President Donald Trump’s policies don’t just impact the United States. As climate change grows increasingly dangerous, executive orders on the Clean Power Plan and fossil fuel development in a top greenhouse gas-producing country have consequences for other countries as well. The Guardian spoke with world leaders, some of whom were involved in the 2015 Paris climate deal, who agree it would be disastrous if Trump were to pull America out of the historic agreement.
Trump threatened to pull out of the Paris agreement on the campaign trail, and has yet to follow through. But he’s taken shots at the environment anyway, by rolling back pollution rules including Barack Obama’s Clean Power Plan. He could make a decision on the agreement as soon as this week, and former Brazilian environment minister Izabella Teixeira, instrumental in Paris, said the situation reminds her of when George W. Bush pulled away from Kyoto protocol.

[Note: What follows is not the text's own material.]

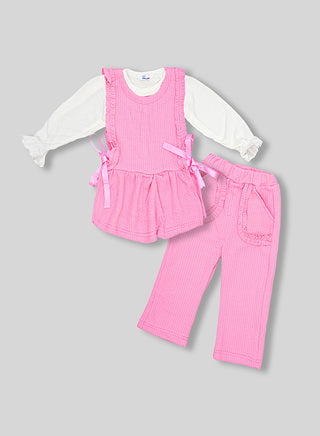 Pink Ruffle Top And Pant Set For Girls
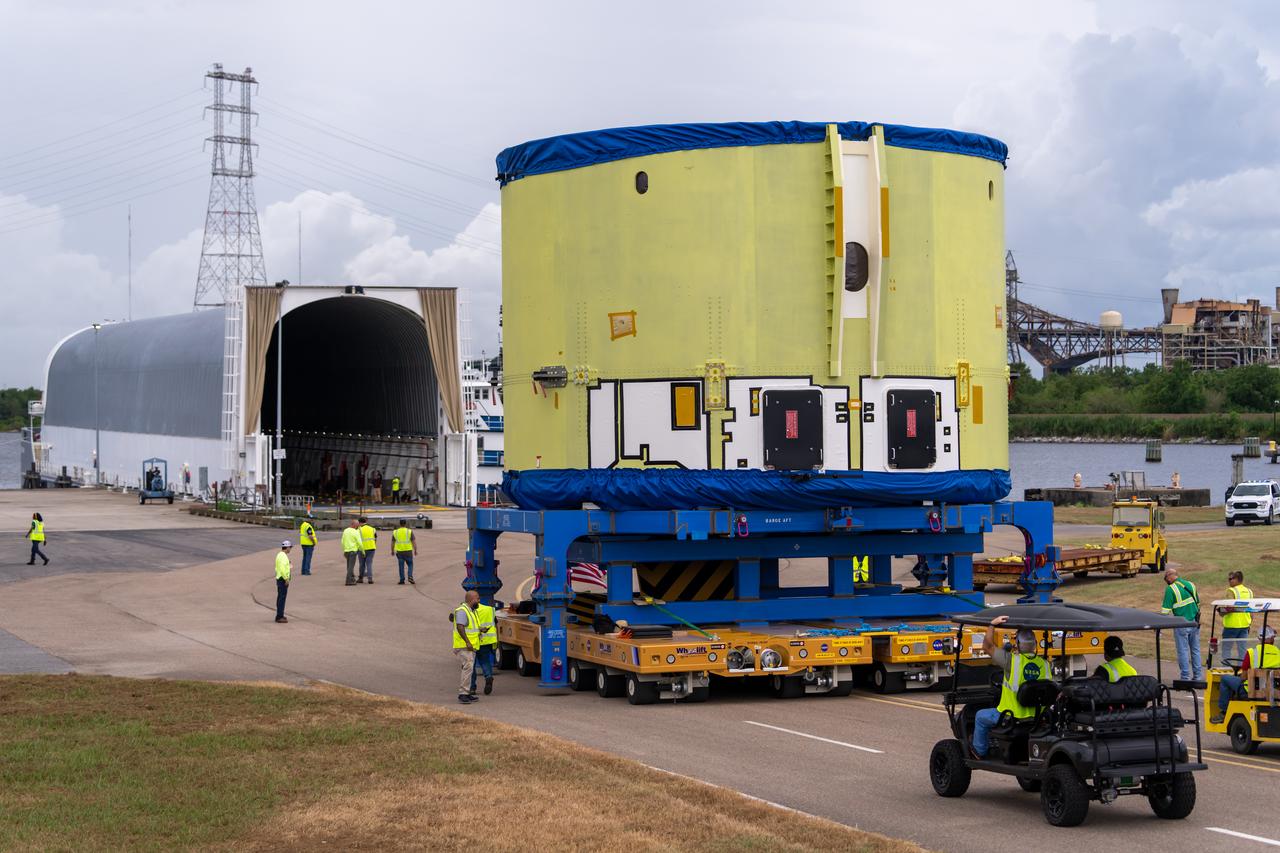 These photos and videos show teams at NASA’s Michoud Assembly Facility in New Orleans preparing, moving, and loading the engine section of a future SLS (Space Launch System) rocket to NASA’s Pegasus barge Aug. 28. The hardware will form the bottom-most section of the SLS core stage that will power NASA’s Artemis IV mission, which will be the first mission to the Gateway space station in lunar orbit under the Artemis campaign. The barge will transport the spaceflight hardware to NASA’s Kennedy Space Center in Florida via the agency’s Pegasus barge. Once in Florida, the engine section will undergo final outfitting inside Kennedy’s Space Station Processing Facility.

Former head of climate policy in Uruguay Ramón Méndez, who was present in Paris in 2015, said it was an extraordinarily strong shock to hear of Trump rolling back the Clean Power Plan. He said of all the policies the president has pursued, this one holds the worst consequences for the rest of the world. He also told The Guardian if the U.S. leaves the Paris agreement, “it will make it harder for other countries to maintain their ambitions.”
Trump advisers reportedly can’t decide if pulling out of the agreement would be worth the diplomatic fallout sure to follow. But United Nations environment chief Erik Solheim pointed to an economic fallout as well. He told Reuters, “The future is green. Obviously if you are not a party to the Paris agreement, you will lose out. And the main losers of course will be the people of the United States itself because all the interesting, fascinating new green jobs would go to China and to the other parts of the world that are investing heavily in this.”
Even if Trump doesn’t back out of the agreement, he still needs to take action. Peking University expert Zhang Haibin told The Guardian the president could pursue a semi-withdrawal instead: “I think the greater likelihood is that Trump will end up not pulling out of the pact but instead adopting a passive approach towards it [and] meeting none of its commitments.”